> we do know that diet and exercise work.
Stricly speaking we don't.
This is "common sense" and the official recommendation, but fundamentally we don't have solid long term reproductible experiments[0], and due to the nature of the problem (humans living their life in a complex society) we'll probably never have a good answer.
I've read many many studies spanning a few months and calling it a day (did the subjects rebound ? who knows), other taking a very small and homogenic pathological group, making it follow a strict regimen and end the experiment right after the subjects are let free again.

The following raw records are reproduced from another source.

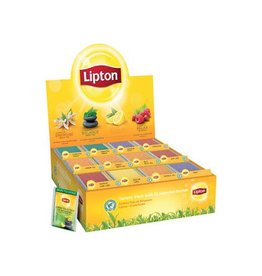 Lipton Tea Company Lipton Variety Pack Pk180 [1st]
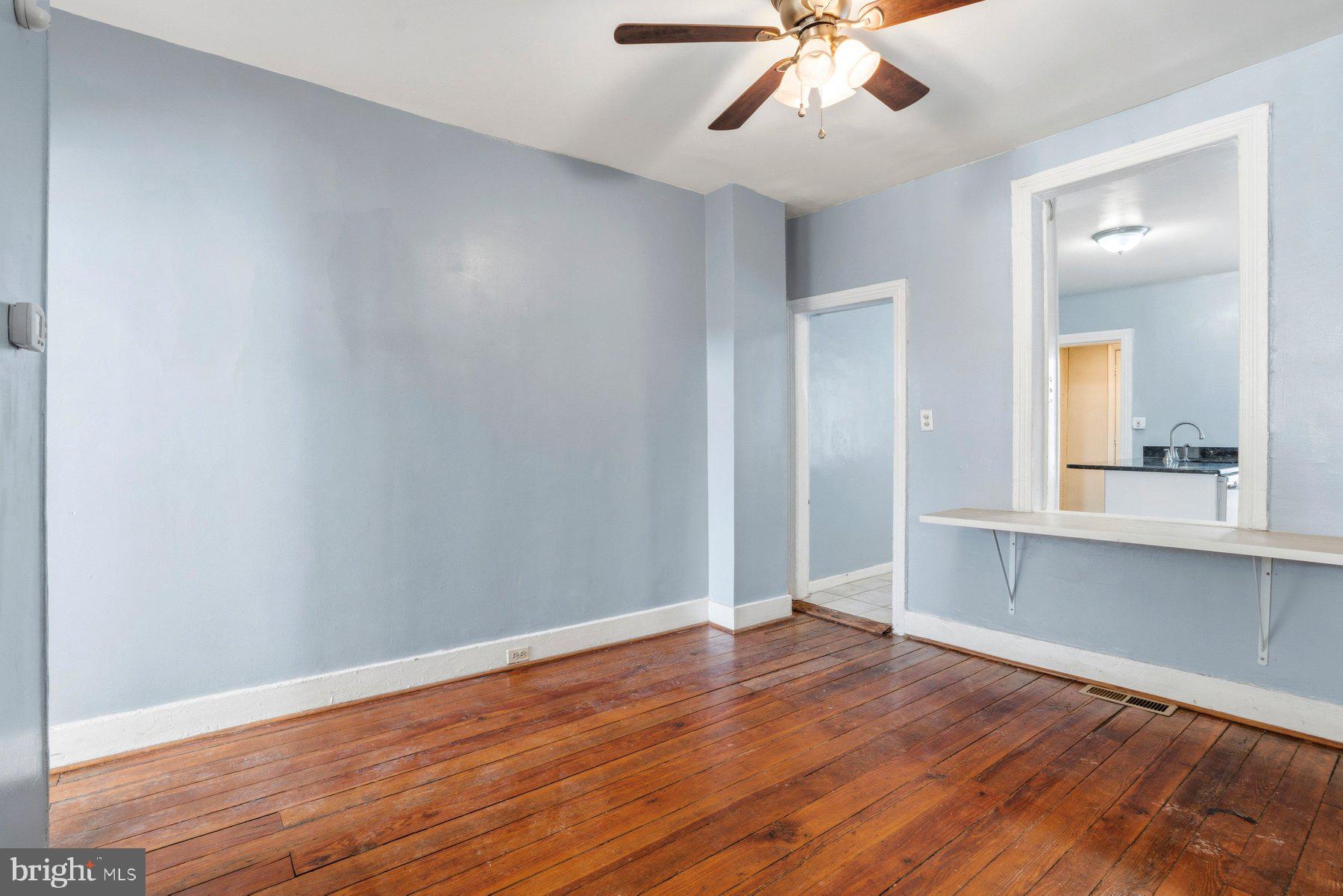 SOUTH BALTIMORE - Residential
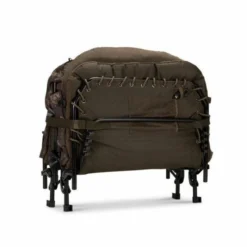 Nash Tackle Nash - MF60 Indulgence All Season 4 Fold Sleep System 12 Nash Tackle Nash - MF60 Indulgence All Season 4 Fold Sleep System -Predator shop folded square copy.2e16d0ba.fill 600x600 1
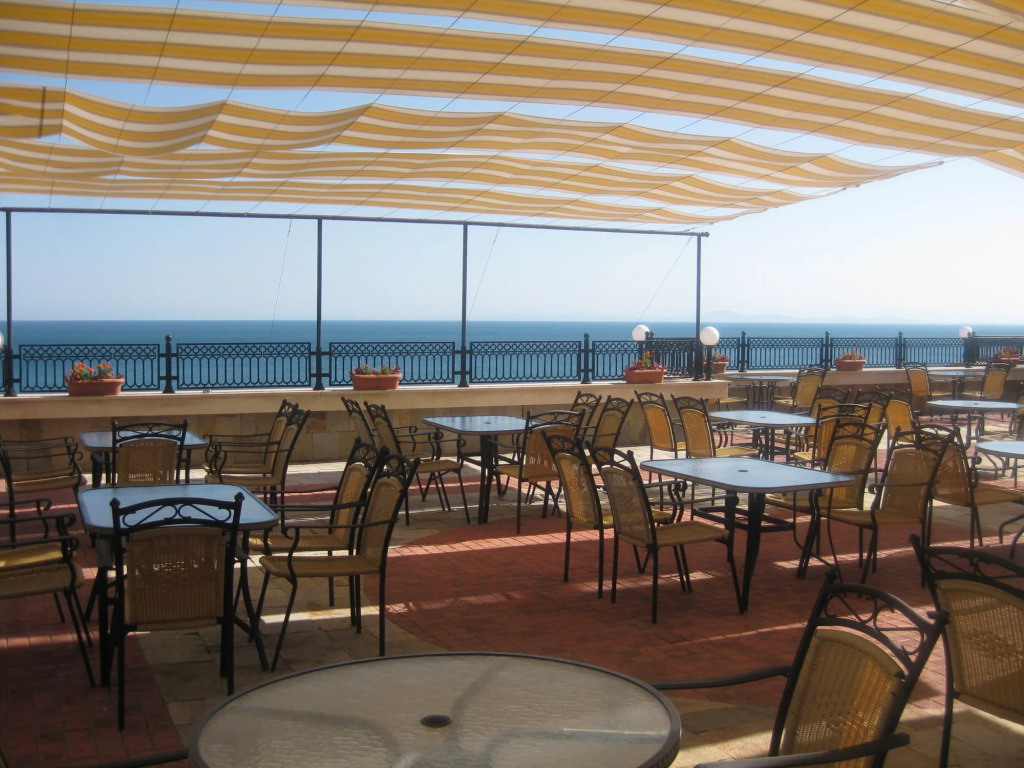 Tiva del Mar Beach Hotel
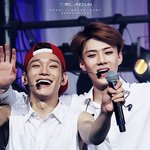 [CHEN] 넘치는 종대사랑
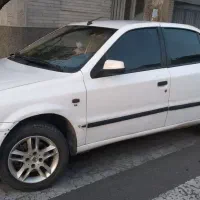 سمند lx مدل ۹۰|خودرو سواری و وانت|تبریز, |دیوار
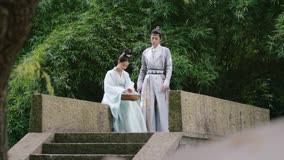 Watch the latest EP26 Xiaoduo Flirts With Yinlou (2023) online with English subtitle for free English Subtitle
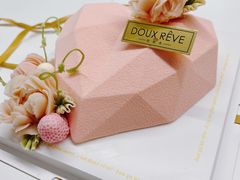 -杜哈夫DOUX RÊVE·生日蛋糕(日月光店)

But nothing with an actually rigorous protocol that gives a clear undisputable result.
In a way I feel a lot of researchers are bound to their common sense and think they either don't need to prove the obvious, or it brings them nothing to let the room for controversial results ? (nobody's paying for research that says current policy is dumb)
[0] If you have any double blind study with more than a hundred subjects taken randomly from the general population (including "healthy" subjects), with a control group, spanning more than 3 years of observations I'd be dying to read it..
If you think that's a high bar, obesity is touted to be the worst health crisis the US has to deal with with tremendous impacts, putting at least that much effort into research doesn't seem outlandish.
> Stricly speaking we don't.
Yes we do, because it works. Exercise burns more calories. Diet limits your calorie intake.
If you rebound into not doing exercise and overeating, that's on you.
Everyone who's obese has been prescribed exercise and a better diet. It's the quintessential doctor cliche, and yet it indeed hasn't worked for them. GLP1 agonists do.